深度解析RocketMq源码-消费者索引ConsumeQueue

发布于:2024-06-28 ⋅ 阅读:(14) ⋅ 点赞:(0)

1.绪论

rocketmq的broker中关于消息持久化的组件主要包含三个,分别是:持久化消息到文件中的组件commitLog;根据消息key索引commitLog日志的indexFile;消费者根据topic和queueId查询commitLog日志的consumeQueue。前面已经介绍commitLog和indexFile,这节我们就来学习一下consumeQueue。

2. consumeQueue

4.1.1 consumeQueue的中每条消息的组成

消费者在消息的时候,只知道它在哪个topic的哪个queue里面消费哪个tags的拿条消息,那我们怎么由此定位到一条消息呢?所以我们需要为commitLog建立一条索引。

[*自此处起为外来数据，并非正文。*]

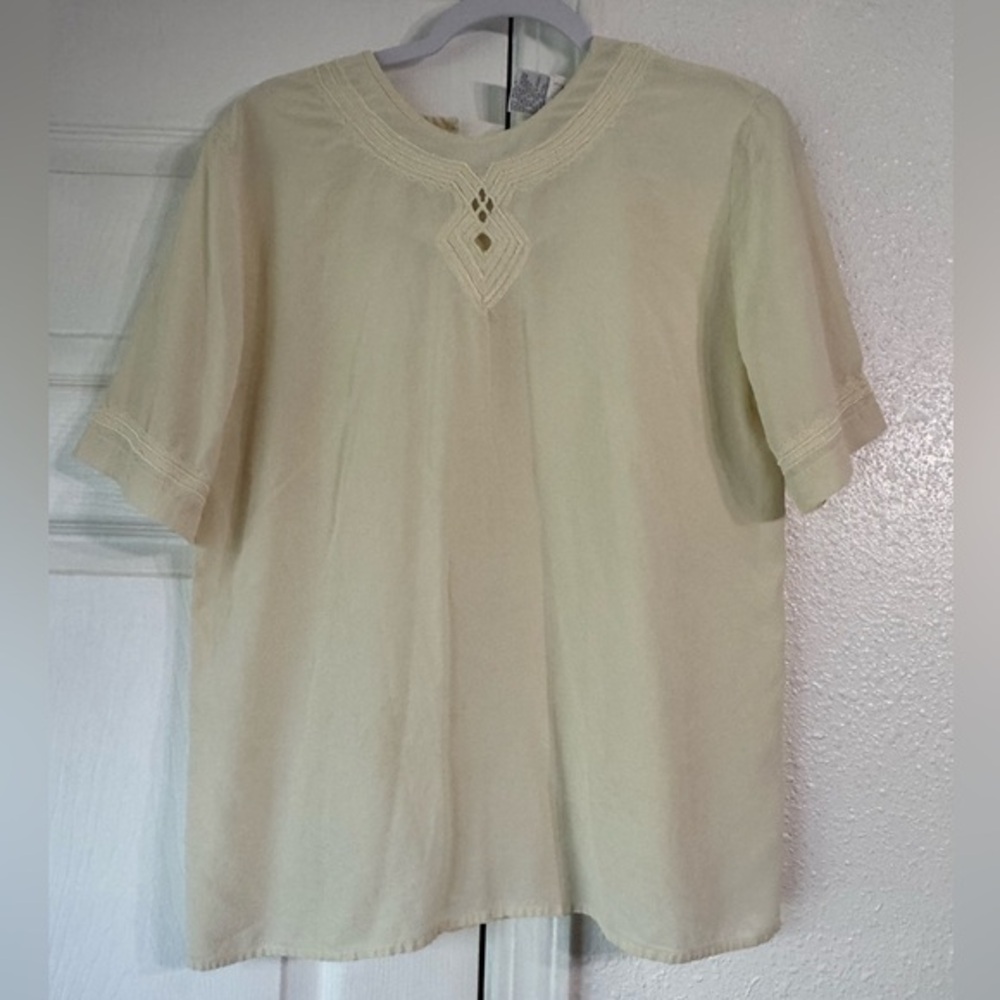 Vintage Tess 100% Silk Elegant Cream Women's Top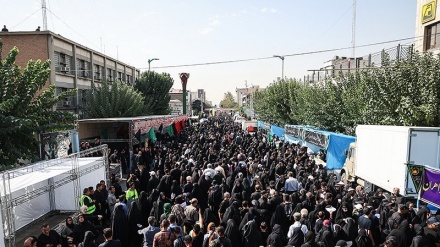 Ribuan Warga Tehran Ikuti Pawai Arbain (3) 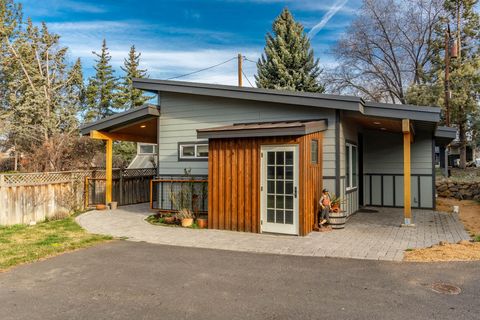 Tiny photo for 558 NE Lafayette Avenue, Bend, OR 97701 (MLS # 220217414)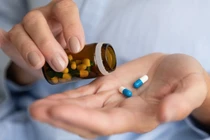 Nguy cơ từ nghiền, bẻ nhỏ thuốc sai cách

其实每个topic+queueId都会建立一个ConsumeQueue文件,而这个映射关系存储在broker中consumeQueueTable中,我们查询消息的时候,过consumeQueueTable根据queueId和topic快速定位到我们需要的ConsumeQueue,然后我们再根据消费者所提交的consumeQueueOffset*每条consumequeue索引的大小便能找到我们所以要的consume索引文件的位置,再根据里面存储的commitLog的物理偏移量便能在commitLog中定位到具体的消息的位置。

commitLog的存储结构可以如下所示:

└── TopicTest
    ├── 0
            └── 00000000000000000000
    ├── 1
            └── 00000000000000000000
    ├── 2
            └── 00000000000000000000
    └── 3
            └── 00000000000000000000

可以通过下图来说明,consumequeue是如何组成的,并且和commitLog的关系:

3.consumeQueue中消息的创建和获取

consumequeue其实底层和commitLog是一样的,其实由多个mappedFile来构成的,这里我们就不在讨论consumequeue的具体存储逻辑。有兴趣的小伙伴可以看这篇文章:

深度解析RocketMq源码-持久化组件(四) CommitLog_rocketmq一主一备commitlog-CSDN博客

接下来我们主要看一看consumequeue是什么时候创建的,并且在消费者知道它需要消费的topic和queueId过后,如何找到它具体要消费的哪条消息的,这其实也是rocketmq的核心之一。

3.1. consumequeue建立消息

其实consumequeue是一个采用mappedFile持久化数据的组件,它写入数据其实发分两步:

1.根据topic和queueId在topic和queueid与consumequeue的映射表(consumeQueueTable)中找到Consumequeue。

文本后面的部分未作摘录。